#### Records for the exercise ####
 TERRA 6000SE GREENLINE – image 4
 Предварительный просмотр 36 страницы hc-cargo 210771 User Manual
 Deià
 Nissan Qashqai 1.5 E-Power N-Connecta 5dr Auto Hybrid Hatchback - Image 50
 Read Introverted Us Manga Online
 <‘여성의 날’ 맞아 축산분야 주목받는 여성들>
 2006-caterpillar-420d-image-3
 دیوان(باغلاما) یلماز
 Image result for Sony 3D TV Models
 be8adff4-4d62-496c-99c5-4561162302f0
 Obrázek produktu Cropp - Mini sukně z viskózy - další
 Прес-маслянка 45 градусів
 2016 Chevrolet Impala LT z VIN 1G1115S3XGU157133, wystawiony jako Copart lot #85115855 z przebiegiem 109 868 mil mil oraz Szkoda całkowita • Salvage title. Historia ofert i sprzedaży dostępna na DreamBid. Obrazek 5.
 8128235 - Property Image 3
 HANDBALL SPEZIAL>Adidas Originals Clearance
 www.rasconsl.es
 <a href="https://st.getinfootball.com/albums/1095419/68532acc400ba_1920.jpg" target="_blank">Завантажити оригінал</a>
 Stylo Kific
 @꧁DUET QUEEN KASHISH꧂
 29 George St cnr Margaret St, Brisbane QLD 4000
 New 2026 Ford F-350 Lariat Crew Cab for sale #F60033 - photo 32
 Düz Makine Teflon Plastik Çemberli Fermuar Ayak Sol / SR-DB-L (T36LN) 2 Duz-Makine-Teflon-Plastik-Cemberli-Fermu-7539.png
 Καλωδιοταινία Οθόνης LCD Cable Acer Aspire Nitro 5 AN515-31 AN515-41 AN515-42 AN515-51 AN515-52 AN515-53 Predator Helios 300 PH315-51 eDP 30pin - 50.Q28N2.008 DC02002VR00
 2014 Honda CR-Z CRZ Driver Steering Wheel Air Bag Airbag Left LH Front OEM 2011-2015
####
Your instructions –
Copy out the lines starting at the one containing "Nissan Qashqai 1.5" and ending with the last line of the entries. Include nothing else.

Output –
 Nissan Qashqai 1.5 E-Power N-Connecta 5dr Auto Hybrid Hatchback - Image 50
 Read Introverted Us Manga Online
 <‘여성의 날’ 맞아 축산분야 주목받는 여성들>
 2006-caterpillar-420d-image-3
 دیوان(باغلاما) یلماز
 Image result for Sony 3D TV Models
 be8adff4-4d62-496c-99c5-4561162302f0
 Obrázek produktu Cropp - Mini sukně z viskózy - další
 Прес-маслянка 45 градусів
 2016 Chevrolet Impala LT z VIN 1G1115S3XGU157133, wystawiony jako Copart lot #85115855 z przebiegiem 109 868 mil mil oraz Szkoda całkowita • Salvage title. Historia ofert i sprzedaży dostępna na DreamBid. Obrazek 5.
 8128235 - Property Image 3
 HANDBALL SPEZIAL>Adidas Originals Clearance
 www.rasconsl.es
 <a href="https://st.getinfootball.com/albums/1095419/68532acc400ba_1920.jpg" target="_blank">Завантажити оригінал</a>
 Stylo Kific
 @꧁DUET QUEEN KASHISH꧂
 29 George St cnr Margaret St, Brisbane QLD 4000
 New 2026 Ford F-350 Lariat Crew Cab for sale #F60033 - photo 32
 Düz Makine Teflon Plastik Çemberli Fermuar Ayak Sol / SR-DB-L (T36LN) 2 Duz-Makine-Teflon-Plastik-Cemberli-Fermu-7539.png
 Καλωδιοταινία Οθόνης LCD Cable Acer Aspire Nitro 5 AN515-31 AN515-41 AN515-42 AN515-51 AN515-52 AN515-53 Predator Helios 300 PH315-51 eDP 30pin - 50.Q28N2.008 DC02002VR00
 2014 Honda CR-Z CRZ Driver Steering Wheel Air Bag Airbag Left LH Front OEM 2011-2015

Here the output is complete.